Man dies after ambulance went to wrong house

Pescaia says the paramedics were sent to the nearby apartment

PACIFIC VILLAGE, Hawa. (KGMB) – A Hawaii woman says her husband may still be alive if not for a 911 computer glitch. She says an ambulance was sent to the wrong house, delaying critical care.

“He was awesome. They don’t make them like that anymore,” said Maureen Pescaia, the wife of the man.

78-year-old Dayle, who died June 2nd, four days after suffering a heart attack at their Aiea home.

“I specifically kept my land line because he had medical challenges and I wanted to know that if I called the ambulance, they’d easily find us. And it didn’t work,” said Pescaia.

As soon as she called 911, she says the dispatcher pulled up her address in the E911 system as Uao Street, which is in the nearby Lele Pono high rise. Not Ualo Street, with an “l”, where she lives.

“She says, ‘Where are you?’ I said, ‘Pacific Village.’ She says, ‘It shows Lele Pono.’ ‘No, I’m in Pacific Village,'” said Pescaia.

KGMB obtained this internal city EMS report that shows the ambulance responded at 1:18 in the morning and arrived at the wrong scene four minutes later. That’s when the dispatcher, still on the phone with her as she was doing CPR, told her to go downstairs and let the paramedics in.

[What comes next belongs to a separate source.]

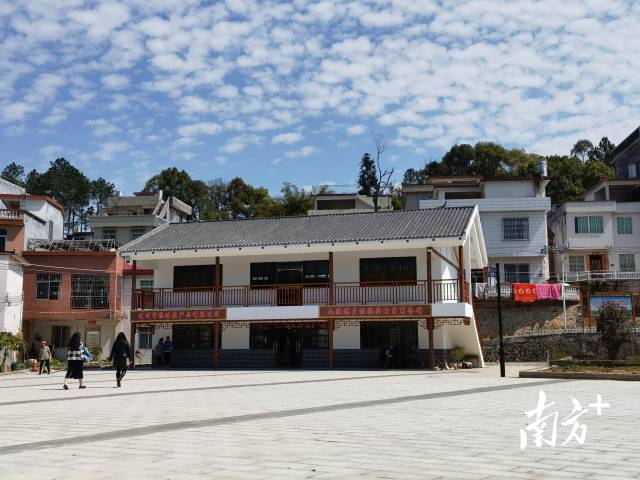 九陂鎮(zhèn)鄉(xiāng)村振興電子商務(wù)館。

“There’s no one there. I ran back up the stairs. She says ‘Aren’t they there?’ I said ‘No.’ So I started doing chest compressions again,” said Pescaia.

Pescaia says the paramedics were sent to the nearby apartment. They arrived at the correct address several minutes later, after fire and police crews.

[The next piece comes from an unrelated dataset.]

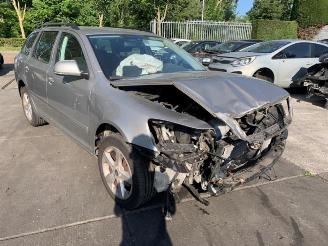 krockskadad bil auto Skoda Octavia Octavia Combi (1Z5), Combi 5-drs, 2004 / 2013 1.2 TSI 2013/4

“I thought, ‘I’m a widow,’” said Pescaia.

The city EMS report shows the ambulance dispatcher wrote “kept trying to update the address, but system would not let me.” Sources say on rare occasions, city ambulances are sent to the wrong address because of glitches in the system, which is why dispatchers double check addresses with 911 callers.

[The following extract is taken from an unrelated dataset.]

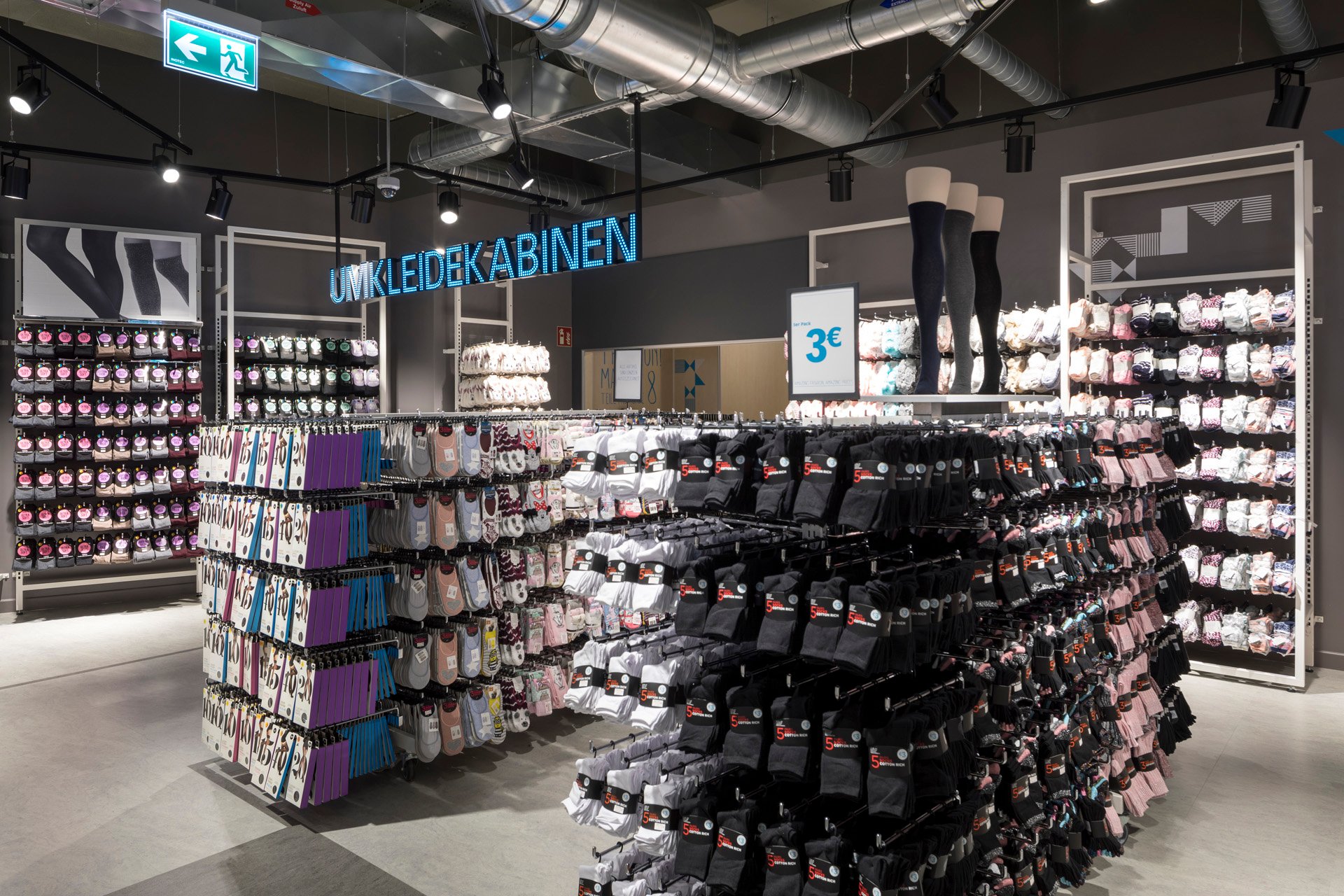Primark Bielefeld Take Care Stay Safe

“I can’t think of anything more frightening than thinking ‘They’ve gone to the wrong place because of a computer glitch,'” said Pescaia.

Pescaia says her elderly husband suffered from diabetes, heart and kidney problems. And it’s unclear if the delay in the paramedics’ arrival caused his death. The man who oversees the city ambulance service released a statement that said: “The Honolulu emergency medical services division is actively investigating the incident.”